It’s not uncommon for us to have prospects who decide to outsource their apps instead of hiring a local company, and the reason always comes down to cost.

It’s true, if you hire people in the US, the cost of development will be higher - but you’re paying for the quality and for peace of mind that the job will get done without any surprises.

In the last few years we’ve had multiple prospects who have come back to us asking us to save their projects after they were promised a product in a timeframe of 3-4 months and after 9 months of debugging, and increased fees -- the product still does not work.

Here are a handful of the stories that sum up what we typically see: [ P.S. there is zero elaboration for comedic effect — even though some of these seem outlandish ]

Client 1 - THE MISSING DEVELOPER

Client 1 wanted to update their app that had been developed locally in L.A. We sent them a proposal, and offered a lower rate than the other local company. They stated our hourly rate needed to be half of what it was to be competitive with their other offer. There was no way we could reduce our rate lower, and so they outsourced the project.
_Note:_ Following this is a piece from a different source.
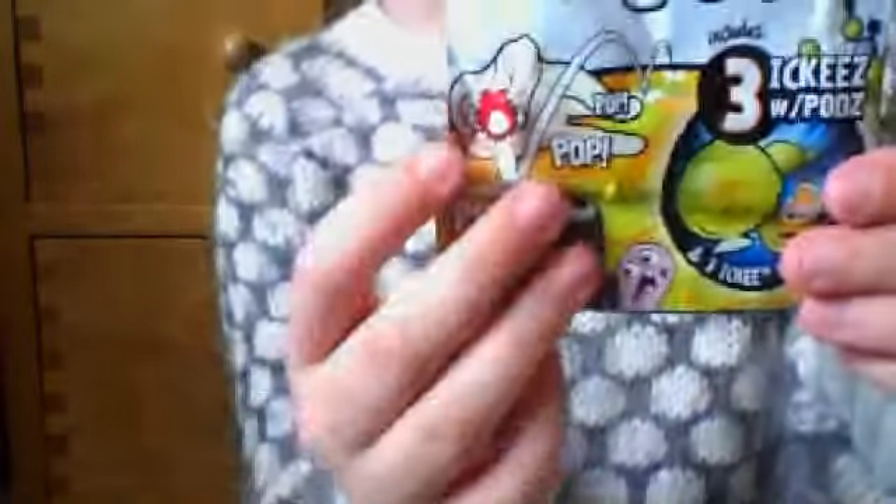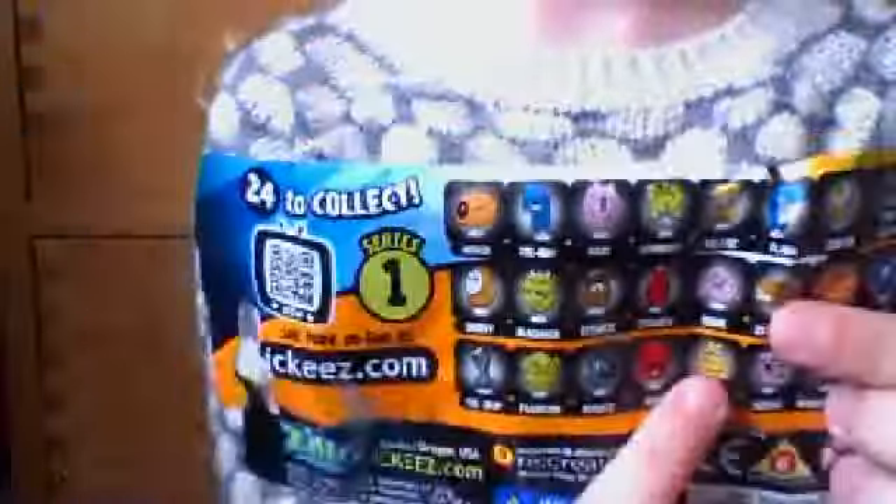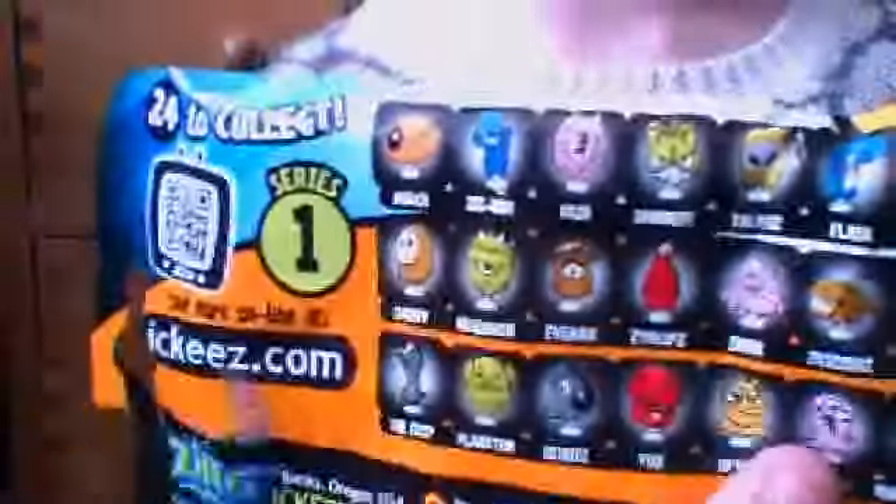On the front it's got lots of illustrations of the kind of stuff you'll get. There are 24 in the collection and this is series one, I believe. On the back it's got a checklist, like most blind bags do, and it's got a thing to scan with your phone.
The problems set in: 3 months pass, and we get an email from them saying they have a press dateline a couple weeks out, and this date had been set for months. The other development shop had promised them 1 month of development, but the development shop had switched developers on them multiple times, all the while billing them for extra the hours [ now 3 months of development when it should have taken 6 weeks ]. We were informed that the amount they had spent with this outsource firm was higher now than the amount we had quoted.

We inspected the code for them and it was a mess. The only solution was to scrap what the outsourced firm had built and go back to where we were to pick it up initially. (The local company had done their part correctly.) We had to launch with a reduced feature set, but we were able to hit the press date, and then roll out features over the coming weeks. Client 1 ended up spending more money on the outsource + rescue job than they would have spent if they had hired us (or other competent developers) in the first place .

Client 2 - SHIFTING STORIES

Client wanted an application but did not have the budget that it would take to develop it onshore: offshore was 2x-3x cheaper. The firm they went with stated they were a full development agency with multiple engineers on every project for redundancy. This company seemed to have a track record with multiple high profile companies in their region.

The problems set in: The project seemed to make good progress, until development stopped. Multiple calls to the company went unanswered; after 3 weeks the offshore company’s CEO stated that his mother was sick and needed some time. Client 2 asked if someone else could pass the project another engineer on his team. The CEO became accusatory saying that the client had no respect and that his mother was sick.

Three weeks later, Client 2 emails — the CEO states his mother died.

Two weeks later, Client 2 emails — the CEO blames the client for not being sensitive.

Three weeks later, Client 2 emails and requests that the existing code be sent to him immediately — the CEO states his mother hadn’t died, but that his office had been robbed so all the code had been stolen.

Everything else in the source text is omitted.